:: Aim of the exercise ::
Once you have read the records below, write them all out exactly as given.

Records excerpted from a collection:
=== Begin Enclosure ===
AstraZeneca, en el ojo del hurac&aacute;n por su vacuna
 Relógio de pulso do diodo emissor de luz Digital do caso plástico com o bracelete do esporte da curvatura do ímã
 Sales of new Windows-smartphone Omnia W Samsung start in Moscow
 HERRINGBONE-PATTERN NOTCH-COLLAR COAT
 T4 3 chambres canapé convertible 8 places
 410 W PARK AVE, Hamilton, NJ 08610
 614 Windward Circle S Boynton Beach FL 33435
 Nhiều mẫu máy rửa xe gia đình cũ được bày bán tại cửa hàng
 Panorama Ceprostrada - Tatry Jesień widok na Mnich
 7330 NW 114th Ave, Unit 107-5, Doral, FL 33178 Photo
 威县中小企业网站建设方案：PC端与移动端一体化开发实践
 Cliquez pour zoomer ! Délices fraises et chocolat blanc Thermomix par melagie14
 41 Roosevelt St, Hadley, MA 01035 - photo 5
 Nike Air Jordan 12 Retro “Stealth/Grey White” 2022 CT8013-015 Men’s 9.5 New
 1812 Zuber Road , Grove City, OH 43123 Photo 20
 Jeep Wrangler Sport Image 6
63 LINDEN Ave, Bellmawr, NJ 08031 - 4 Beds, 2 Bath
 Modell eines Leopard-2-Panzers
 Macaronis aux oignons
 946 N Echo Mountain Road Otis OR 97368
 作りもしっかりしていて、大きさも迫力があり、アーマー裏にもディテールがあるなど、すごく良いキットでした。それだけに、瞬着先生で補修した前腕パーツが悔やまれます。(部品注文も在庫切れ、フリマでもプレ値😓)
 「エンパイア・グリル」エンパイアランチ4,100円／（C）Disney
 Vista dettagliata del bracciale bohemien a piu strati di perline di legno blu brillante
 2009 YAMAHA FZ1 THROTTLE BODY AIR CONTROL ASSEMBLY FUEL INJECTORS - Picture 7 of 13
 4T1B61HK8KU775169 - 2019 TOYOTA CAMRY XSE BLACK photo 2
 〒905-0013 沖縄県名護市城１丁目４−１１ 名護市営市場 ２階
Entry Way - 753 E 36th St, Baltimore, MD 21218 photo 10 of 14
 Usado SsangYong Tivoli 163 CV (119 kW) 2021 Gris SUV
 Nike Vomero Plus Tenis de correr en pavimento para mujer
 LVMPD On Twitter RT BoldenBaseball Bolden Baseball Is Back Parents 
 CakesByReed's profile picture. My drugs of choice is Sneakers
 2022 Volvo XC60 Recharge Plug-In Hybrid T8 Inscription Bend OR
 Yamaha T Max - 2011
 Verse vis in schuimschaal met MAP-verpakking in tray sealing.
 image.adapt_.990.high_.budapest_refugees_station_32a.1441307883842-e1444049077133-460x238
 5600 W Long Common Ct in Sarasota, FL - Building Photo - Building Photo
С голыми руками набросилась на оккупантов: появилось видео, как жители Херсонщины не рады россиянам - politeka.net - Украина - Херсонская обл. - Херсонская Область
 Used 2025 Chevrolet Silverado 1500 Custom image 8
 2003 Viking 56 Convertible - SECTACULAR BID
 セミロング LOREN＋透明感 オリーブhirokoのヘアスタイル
=== End Enclosure ===
:: Solution to the exercise ::
AstraZeneca, en el ojo del hurac&aacute;n por su vacuna
 Relógio de pulso do diodo emissor de luz Digital do caso plástico com o bracelete do esporte da curvatura do ímã
 Sales of new Windows-smartphone Omnia W Samsung start in Moscow
 HERRINGBONE-PATTERN NOTCH-COLLAR COAT
 T4 3 chambres canapé convertible 8 places
 410 W PARK AVE, Hamilton, NJ 08610
 614 Windward Circle S Boynton Beach FL 33435
 Nhiều mẫu máy rửa xe gia đình cũ được bày bán tại cửa hàng
 Panorama Ceprostrada - Tatry Jesień widok na Mnich
 7330 NW 114th Ave, Unit 107-5, Doral, FL 33178 Photo
 威县中小企业网站建设方案：PC端与移动端一体化开发实践
 Cliquez pour zoomer ! Délices fraises et chocolat blanc Thermomix par melagie14
 41 Roosevelt St, Hadley, MA 01035 - photo 5
 Nike Air Jordan 12 Retro “Stealth/Grey White” 2022 CT8013-015 Men’s 9.5 New
 1812 Zuber Road , Grove City, OH 43123 Photo 20
 Jeep Wrangler Sport Image 6
63 LINDEN Ave, Bellmawr, NJ 08031 - 4 Beds, 2 Bath
 Modell eines Leopard-2-Panzers
 Macaronis aux oignons
 946 N Echo Mountain Road Otis OR 97368
 作りもしっかりしていて、大きさも迫力があり、アーマー裏にもディテールがあるなど、すごく良いキットでした。それだけに、瞬着先生で補修した前腕パーツが悔やまれます。(部品注文も在庫切れ、フリマでもプレ値😓)
 「エンパイア・グリル」エンパイアランチ4,100円／（C）Disney
 Vista dettagliata del bracciale bohemien a piu strati di perline di legno blu brillante
 2009 YAMAHA FZ1 THROTTLE BODY AIR CONTROL ASSEMBLY FUEL INJECTORS - Picture 7 of 13
 4T1B61HK8KU775169 - 2019 TOYOTA CAMRY XSE BLACK photo 2
 〒905-0013 沖縄県名護市城１丁目４−１１ 名護市営市場 ２階
Entry Way - 753 E 36th St, Baltimore, MD 21218 photo 10 of 14
 Usado SsangYong Tivoli 163 CV (119 kW) 2021 Gris SUV
 Nike Vomero Plus Tenis de correr en pavimento para mujer
 LVMPD On Twitter RT BoldenBaseball Bolden Baseball Is Back Parents 
 CakesByReed's profile picture. My drugs of choice is Sneakers
 2022 Volvo XC60 Recharge Plug-In Hybrid T8 Inscription Bend OR
 Yamaha T Max - 2011
 Verse vis in schuimschaal met MAP-verpakking in tray sealing.
 image.adapt_.990.high_.budapest_refugees_station_32a.1441307883842-e1444049077133-460x238
 5600 W Long Common Ct in Sarasota, FL - Building Photo - Building Photo
С голыми руками набросилась на оккупантов: появилось видео, как жители Херсонщины не рады россиянам - politeka.net - Украина - Херсонская обл. - Херсонская Область
 Used 2025 Chevrolet Silverado 1500 Custom image 8
 2003 Viking 56 Convertible - SECTACULAR BID
 セミロング LOREN＋透明感 オリーブhirokoのヘアスタイル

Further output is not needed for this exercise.